Fête du sacrifice : Aïd ou méchoui-party ?
L’importation d’agneaux vifs a été décidée pour renforcer l’offre à l’occasion de l’Aïd El Kébir, car cela fait deux ans que les ménages n’ont pas pu accomplir ce rituel. D’après les experts, il faudrait un million de têtes pour résoudre le problème actuel du cheptel, alors que l’état actuel ne le permet pas.

La décision d’importer des agneaux vivants a été prise pour renforcer l’offre à l’occasion de l’Aïd El Kébir. Cette fête du sacrifice suscite déjà des préoccupations chez les ménages et occupe une bonne partie des soirées de ceux qui souhaitent « y participer », quel qu’en soit le prix. La raison est simple : cela fait deux ans qu’ils n’ont pas pu accomplir ce rituel, et cela reste une obligation morale et religieuse pour les enfants.
La Presse — Il est important de préciser que ce n’est pas « une obligation ». Ceux qui n’ont pas les moyens en sont dispensés. Les raisons de cette situation sont connues et inutiles à rappeler. Avec un mouton qui risque de coûter plus d’un million, il est nécessaire de trouver un moyen de l’acquérir et de rembourser l’emprunt.
Importer deux cent mille ou deux cent cinquante mille têtes ne résoudra pas le problème. Selon des experts, un million de têtes serait nécessaire pour s’en sortir sans problème.
L’état actuel du cheptel ne permet pas cette solution, ce qui conduira à une spéculation accrue. Les prix de la viande ovine, malgré les efforts déployés, restent entre cinquante et cinquante-neuf dinars le kilo. Certaines boucheries ont fermé, mais ces fermetures ne changent rien à la situation. Il pourrait simplement s’agir de locaux ouverts pour faire monter les prix, contrôlés par ceux qui dominent ce secteur.
Nous sommes convaincus que ce secteur est contrôlé par un cartel qui impose ses règles.
Des initiatives sont en cours pour lutter contre cette situation, mais ceux qui craignent d’être révélés se retirent discrètement.
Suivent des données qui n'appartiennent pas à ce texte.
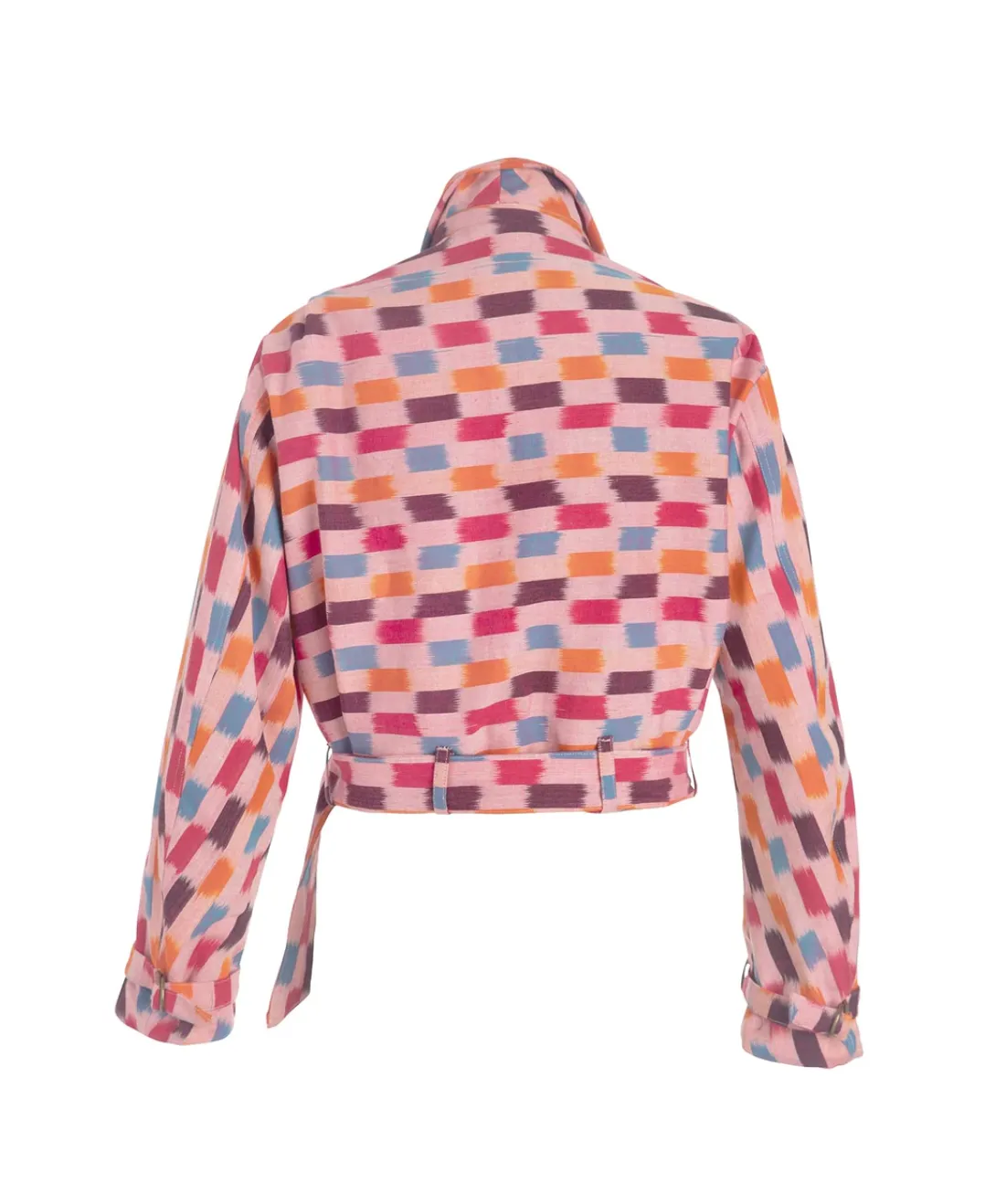 Domino Ikat Jacket, Pink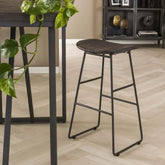 Solid Wood Wine Bar Stools | Kitchen & Home Bar Seating – Oakvello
Au moins, ils souhaitent éviter les problèmes. Les poursuites en cours servent aussi de pression et d’avertissement pour ceux dont la conscience n’est pas tranquille.
Malheureusement, malgré toutes les facilités accordées, les sociétés citoyennes créées ou en création et les petits agriculteurs que l’on tente d’aider ont négligé ce créneau porteur. Il faudrait les encourager à s’impliquer davantage en leur offrant des incitations et en les connectant directement avec la société « Ellouhoum », qui a effectivement ce rôle.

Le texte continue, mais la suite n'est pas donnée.